5. City Lights (Chaplin, USA, 1931)

Charlie Chaplin had more success than any of the silent clowns in transitioning to the sound era – in part because he delayed doing so for as long as possible. City Lights was his last true silent and the penultimate outing of his beloved “Little Tramp” character. Here, the Tramp falls in love with a poor, blind flower girl who mistakenly believes him to be a rich man. Alternately funny and poignant in the best Chaplin tradition, this film also provides the best example of Chaplin’s still relatively unheralded genius as filmmaker: the only close-ups that occur in the entire film are in the final moments, which make them all the more impacting.

4. L’atalante (Vigo, France, 1934)

L’atalante tells the story of a newly married couple, a barge captain and his provincial wife, and their tumultuous honeymoon-cum-cargo trip along the Seine river. The simple boy-meets-girl/boy-loses-girl/boy-finds-girl plot is merely an excuse for director Jean Vigo and ace cinematographer Boris Kaufman to serve up an array of rapturously photographed images, all of which correspond to the emotions of his protagonists. In a legendary supporting role, Michel Simon’s portrayal of a tattooed, cat-loving first mate is as endearing as it is hilarious. One of cinema’s transcendental glories – endlessly rewatchable, always uplifting.

3. City Girl (Murnau, USA, 1930)

F.W. Murnau’s final Hollywood movie was lost until the early 1970s, then seriously critically reappraised when excellent quality DVD and blu-ray versions appeared in the 21st century. The film charts the relationship between a young wheat farmer (Charles Farrell) and his city girl bride (Mary Duncan) through blissful courtship, disillusion with meddling in-laws and the austerity of farm life and, ultimately, hard-won and believable reconciliation. As with all of Murnau’s best work, documentary realism is combined with breathtaking and poetic flights of fancy: Farrell and Duncan’s “run through the wheat” is probably my favorite 30 seconds in any movie ever.

2. The Rules of the Game (Renoir, France, 1939)
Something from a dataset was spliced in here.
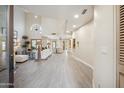 Bright, open-concept living room with high ceilings, modern furnishings, and seamless flow to the dining area at 6411 S River Dr # 10, Tempe, AZ 85283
This is Jean Renoir’s masterpiece and the grandaddy of all films about an assortment of friends and lovers getting together for a weekend-long party in the country. The “rules of the game” are the rules one must abide by in order to get along in society, which involves a considerable amount of dishonesty. Fittingly, the one character who is incapable of lying, the earnest, heart-on-his-sleeve aviator Andre, is also the character who dies “like an animal in the hunt.” Like the best works of Shakespeare or Chekhov, this humanist tragicomedy captures timeless truths about the inner workings of the human heart.

1. M (Lang, Germany, 1931)

My favorite German movie of all time is this police procedural/serial killer thriller based on the exploits of several real-life German murderers of the 1920s. M was Fritz Lang’s first sound film and his innovative use of dialogue, sound effects and music (the killer’s habitual whistling) was hugely influential on subsequent movies. This was also the screen debut of theatrical actor Peter Lorre, chilling and believable as the killer, who would soon follow his director in carving out a memorable Hollywood career.